This will require a little explanation, so stick with me here.

Firstly, this topic is a confusing swamp of conflicting terms, so please throw away all the concepts that you have about "virtual memory", something related to disks.

Physical memory is the memory stored on a physical device. This usually refers to system RAM, but can also be disk buffers, NIC buffers, VRAM graphics cards, etc.
Virtual memory is a set of ranges of physical addresses mapped to user (virtual) address ranges so that memory access can be secure and shared.

A quick note on why we do this: if we were passing direct memory addresses, we could (possibly) have only one memory store. This is inconvenient and bad for performance. When the virtual address is converted to a physical address outside the range of system memory (RAM), the processor generates a page error. This is signaled by the OS interrupt handler, which can then delegate the memory access operation to another device. Useful!

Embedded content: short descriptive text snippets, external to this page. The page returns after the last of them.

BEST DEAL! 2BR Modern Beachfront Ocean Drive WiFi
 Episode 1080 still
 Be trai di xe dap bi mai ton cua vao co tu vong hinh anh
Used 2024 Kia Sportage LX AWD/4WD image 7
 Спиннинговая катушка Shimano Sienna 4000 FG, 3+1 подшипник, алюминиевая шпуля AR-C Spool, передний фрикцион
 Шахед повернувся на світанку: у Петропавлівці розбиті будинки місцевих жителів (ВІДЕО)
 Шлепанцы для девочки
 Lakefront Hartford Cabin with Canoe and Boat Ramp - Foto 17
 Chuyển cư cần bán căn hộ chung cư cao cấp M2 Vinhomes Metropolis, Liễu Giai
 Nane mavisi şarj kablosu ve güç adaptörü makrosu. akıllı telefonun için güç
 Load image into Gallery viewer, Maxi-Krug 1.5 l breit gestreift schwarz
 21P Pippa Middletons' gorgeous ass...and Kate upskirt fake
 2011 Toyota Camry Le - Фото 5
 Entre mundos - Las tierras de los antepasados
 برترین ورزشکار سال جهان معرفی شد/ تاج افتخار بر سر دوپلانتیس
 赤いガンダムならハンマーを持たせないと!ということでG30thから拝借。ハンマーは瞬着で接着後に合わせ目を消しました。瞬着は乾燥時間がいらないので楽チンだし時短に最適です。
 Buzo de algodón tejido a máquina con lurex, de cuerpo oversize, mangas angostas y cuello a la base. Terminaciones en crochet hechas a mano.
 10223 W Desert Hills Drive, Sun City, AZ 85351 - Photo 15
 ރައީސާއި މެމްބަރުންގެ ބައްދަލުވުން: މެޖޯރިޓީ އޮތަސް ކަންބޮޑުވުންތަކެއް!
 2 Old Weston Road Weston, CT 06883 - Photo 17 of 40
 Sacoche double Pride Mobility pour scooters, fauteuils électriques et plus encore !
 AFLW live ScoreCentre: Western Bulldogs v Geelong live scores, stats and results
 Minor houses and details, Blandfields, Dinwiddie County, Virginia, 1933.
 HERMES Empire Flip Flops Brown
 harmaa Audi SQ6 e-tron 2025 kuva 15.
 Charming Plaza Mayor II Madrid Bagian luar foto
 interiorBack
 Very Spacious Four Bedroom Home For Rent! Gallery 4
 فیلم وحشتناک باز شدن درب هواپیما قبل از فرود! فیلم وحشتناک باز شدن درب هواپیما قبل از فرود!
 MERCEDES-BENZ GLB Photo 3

On a 32-bit Windows system, the maximum amount of virtual memory that a process can process at any given time is 2 GB. This can be increased up to 3 GB using AWE or 4 GB using /4GT and AWE. This does not mean that the process can only allocate 2 GB (or 3 GB / 4 GB depending on the previously discussed settings) memory. It just means that it cannot have simultaneous access to more than that.

For example, if you open a file with a memory map of 1 GB, the use of your virtual memory will increase by 1 GB. You do not touch RAM and disk, but you have allocated a block of virtual address space for your process. If then you want to allocate 1.1 GB of RAM simultaneously with the presence of this file with a memory map, you will not be able to. You must cancel the file from your process first. Remember that memory can still be allocated and filled with data, but not actually mapped in your process. If your computer has 8 GB of RAM, you can fill 6 GB with data and map 2 GB to your process. When you need to use another section of this memory, you must unlock the existing block and display another section.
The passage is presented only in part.